───── Data for analysis ─────
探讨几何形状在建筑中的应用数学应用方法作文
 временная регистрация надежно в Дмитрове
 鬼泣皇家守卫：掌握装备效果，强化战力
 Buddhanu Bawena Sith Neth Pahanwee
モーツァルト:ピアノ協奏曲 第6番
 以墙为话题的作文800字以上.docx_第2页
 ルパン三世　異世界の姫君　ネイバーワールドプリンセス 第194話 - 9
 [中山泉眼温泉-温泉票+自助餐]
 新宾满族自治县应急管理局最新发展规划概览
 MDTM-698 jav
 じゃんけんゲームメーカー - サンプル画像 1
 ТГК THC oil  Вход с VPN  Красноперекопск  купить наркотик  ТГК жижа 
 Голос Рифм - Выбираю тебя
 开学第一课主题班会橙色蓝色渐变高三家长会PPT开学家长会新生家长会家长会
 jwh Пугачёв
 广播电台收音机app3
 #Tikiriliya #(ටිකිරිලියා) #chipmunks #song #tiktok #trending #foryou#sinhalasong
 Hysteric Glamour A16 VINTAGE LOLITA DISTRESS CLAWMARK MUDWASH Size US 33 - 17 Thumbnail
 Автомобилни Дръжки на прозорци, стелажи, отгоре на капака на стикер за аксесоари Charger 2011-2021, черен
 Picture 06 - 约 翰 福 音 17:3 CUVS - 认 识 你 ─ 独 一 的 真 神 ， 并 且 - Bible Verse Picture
─────
--- Action item ---
Reproduce every entry above so that each one matches its source exactly.

--- Answer section ---
探讨几何形状在建筑中的应用数学应用方法作文
 временная регистрация надежно в Дмитрове
 鬼泣皇家守卫：掌握装备效果，强化战力
 Buddhanu Bawena Sith Neth Pahanwee
モーツァルト:ピアノ協奏曲 第6番
 以墙为话题的作文800字以上.docx_第2页
 ルパン三世　異世界の姫君　ネイバーワールドプリンセス 第194話 - 9
 [中山泉眼温泉-温泉票+自助餐]
 新宾满族自治县应急管理局最新发展规划概览
 MDTM-698 jav
 じゃんけんゲームメーカー - サンプル画像 1
 ТГК THC oil  Вход с VPN  Красноперекопск  купить наркотик  ТГК жижа 
 Голос Рифм - Выбираю тебя
 开学第一课主题班会橙色蓝色渐变高三家长会PPT开学家长会新生家长会家长会
 jwh Пугачёв
 广播电台收音机app3
 #Tikiriliya #(ටිකිරිලියා) #chipmunks #song #tiktok #trending #foryou#sinhalasong
 Hysteric Glamour A16 VINTAGE LOLITA DISTRESS CLAWMARK MUDWASH Size US 33 - 17 Thumbnail
 Автомобилни Дръжки на прозорци, стелажи, отгоре на капака на стикер за аксесоари Charger 2011-2021, черен
 Picture 06 - 约 翰 福 音 17:3 CUVS - 认 识 你 ─ 独 一 的 真 神 ， 并 且 - Bible Verse Picture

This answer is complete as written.